Diese vier Einzelzeiten bedeuten eine Endzeit von 1:51,93 und eine Pulverisierung des Vereinsrekords um 1,94 Sekunden.

Überaus zufrieden und glücklich über die eigenen Leistungen ging es nach Saschas Geburtstagskuchen und Currywurst zur Erholung zum Hotel zurück, bevor es am Abend nochmal in die Stadt ging, um die erfolgreichen Staffeln zu feiern.

Am folgenden Tag ging es dann gut gelaunt und voller unbezahlbarer Erfahrungen und Erinnerungen, leider ohne Currywurst, mit der Bahn zurück nach Aachen, um die Vorbereitung auf die Anfang Dezember anstehenden Bezirksmeisterschaften weiterzuführen. Vielleicht fällt ja dann die Marke von 1:40,00…

Ein großes Dankeschön der 5 Schwimmer geht an dieser Stelle an Svenja, für die psychische und physische Unterstützung und das hin und wieder doch recht lange Warten auf sich duschende Schwimmer.

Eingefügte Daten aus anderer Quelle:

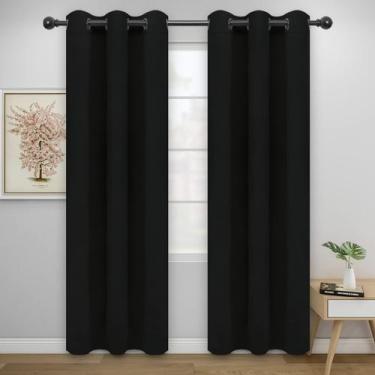 Imagem de Cortinas Easy-Going Blackout 2 painéis 117x213 cm pretas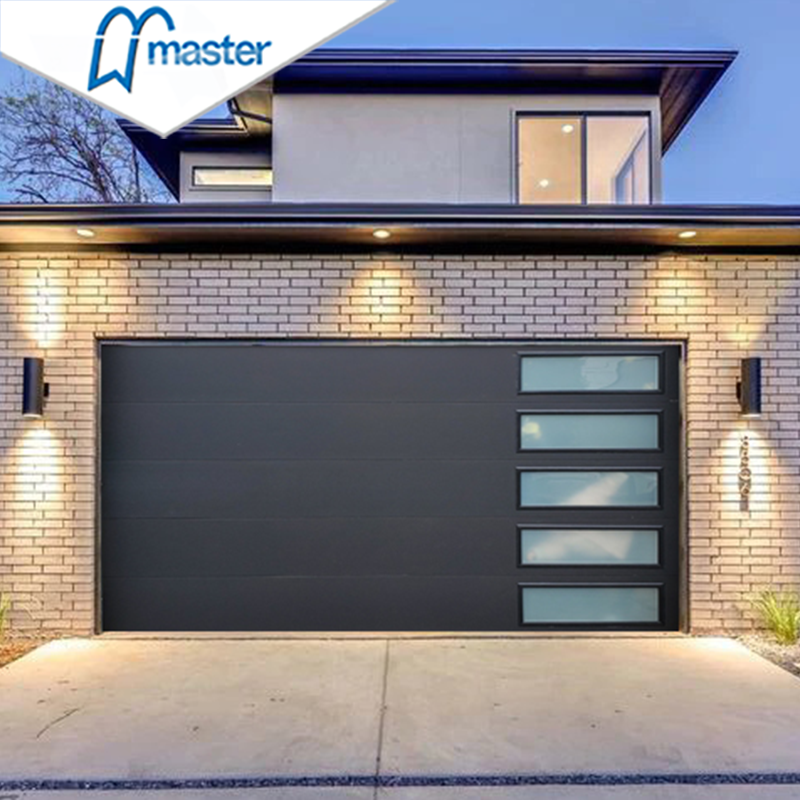 Master Well Top Selling Residential Modern Flush Sandwich Panel Automatic Sectional Overhead Steel Garage Door For Homes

Ein großes Dankeschön geht außerdem an den Verein, der die gesamte An- und Abreise übernommen hat.

Zusätzlich müssen wir an dieser Stelle Timms Mutter erwähnen, die die Hotelkosten großzügig aus eigener Tasche bezuschusst hat!

Der letzte Gruß geht an Konstantin Eichler, der zwar lange als brustschwimmerische Alternative gehandelt wurde, schlussendlich aber nicht die Zeit erreichen konnte, die die Staffel gebraucht hätte. Vielleicht im nächsten Jahr!